En Cataluña la situación no es tan grave, pero el proceso de digitalización sexual tampoco está todavía en el mismo punto. En todos los casos que he mencionado se apunta, en parte, a efectos de la ciberindustria del porno, que modifica los hábitos y los umbrales de excitación. Pornhub, el gigante digital canadiense en el que supuestamente la gente cuelga contenido libremente, ha sido acusado repetidamente de exhibir contenido ilegal. Desde el escándalo destapado por el New York Times sobre el abuso de menores hasta el tráfico sexual de la web agregada GirlsDoPorn (que era uno de los más vistos de Pornhub). Pero todo es aún más complejo.

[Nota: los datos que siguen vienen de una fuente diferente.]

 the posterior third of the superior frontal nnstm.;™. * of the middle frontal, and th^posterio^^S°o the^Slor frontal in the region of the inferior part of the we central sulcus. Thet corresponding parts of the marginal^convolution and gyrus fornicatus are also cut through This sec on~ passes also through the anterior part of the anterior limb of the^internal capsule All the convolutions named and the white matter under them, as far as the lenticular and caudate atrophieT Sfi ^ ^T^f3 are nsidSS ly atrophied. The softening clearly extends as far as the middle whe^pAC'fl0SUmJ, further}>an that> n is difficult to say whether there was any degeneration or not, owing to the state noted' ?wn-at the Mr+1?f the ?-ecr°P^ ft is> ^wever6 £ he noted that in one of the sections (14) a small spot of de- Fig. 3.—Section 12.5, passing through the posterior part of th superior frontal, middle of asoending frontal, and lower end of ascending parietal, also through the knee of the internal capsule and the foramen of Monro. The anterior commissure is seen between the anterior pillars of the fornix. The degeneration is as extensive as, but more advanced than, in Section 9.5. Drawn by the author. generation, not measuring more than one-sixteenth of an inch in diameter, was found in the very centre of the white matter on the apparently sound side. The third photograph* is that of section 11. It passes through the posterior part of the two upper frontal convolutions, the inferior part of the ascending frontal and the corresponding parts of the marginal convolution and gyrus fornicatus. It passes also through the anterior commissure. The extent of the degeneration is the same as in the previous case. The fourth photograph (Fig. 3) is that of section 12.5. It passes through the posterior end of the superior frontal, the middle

En una investigación, en la pregunta de la BBC sobre las etiquetas relacionadas con violaciones a adolescentes (como "teen abused while sleeping", "drunk teen abuse sleeping" y "extreme teen abuse"), Pornhub respondió: “Permitimos todas las formas de expresión sexual que sigan nuestras normas de uso. Aunque algunas personas puedan encontrar estas fantasías inapropiadas, atraen a mucha gente de todo el planeta y están avaladas por leyes sobre la libertad de expresión.” Los gigantes tecnológicos facilitan la infraestructura para que las fantasías más oscuras se materialicen y se conviertan en altamente rentables a través de una difusión indiscriminada ya menudo no penalizada.

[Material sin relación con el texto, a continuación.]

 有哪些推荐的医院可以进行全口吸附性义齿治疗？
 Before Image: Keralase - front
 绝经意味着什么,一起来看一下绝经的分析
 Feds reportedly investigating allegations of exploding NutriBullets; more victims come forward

Por otra parte, la extrema ubicuidad de la pornografía también favorece que se ensanche el repertorio de prácticas sexuales, algo que en principio es positivo (dejando a un lado modas peligrosas, como la deestrangular durante el coito). Es el caso del sexo anal heterosexual, que es cada vez más común entre los jóvenes. Aunque el sexo anal practicado con sensatez no comporta muchos riesgos, según un editorial de la principal publicación médica británica, ha habido un notable incremento de casos de lesiones anales y de incontinencia fecal en mujeres jóvenes (las mujeres tienen esfínteres menos robustos que los hombres). El artículo señala a la comunidad médica como gran responsable: muchos médicos esquivan hacer ningún comentario respecto al sexo anal por miedo a ser tildados de moralistas, retrógrados u homófobos. Algo que refleja que la tendencia de polarizar en extremo los debates puede tener consecuencias nefastas: la cultura de la cancelación limita las conversaciones y el acceso a la información.

Con este artículo no pretendo contribuir a atizar el pánico moral, sino ofrecer un aseo de algunos de los problemas que han surgido con los avances tecnológicos. En el caso de la deriva digital de la pornografía se necesitan varias cosas. La primordial es la más difícil de conseguir: una regulación europea (global sería ciencia ficción). Mientras esto no llega, la opción al alcance del consumidor es la pornografía ética: si pagamos por quién sabe cuántas plataformas de contenidos de entretenimiento, ¿por qué no lo hacemos con la pornografía? Y, sobre todo, es necesaria una educación sexual y digital sólida que empiece en primaria.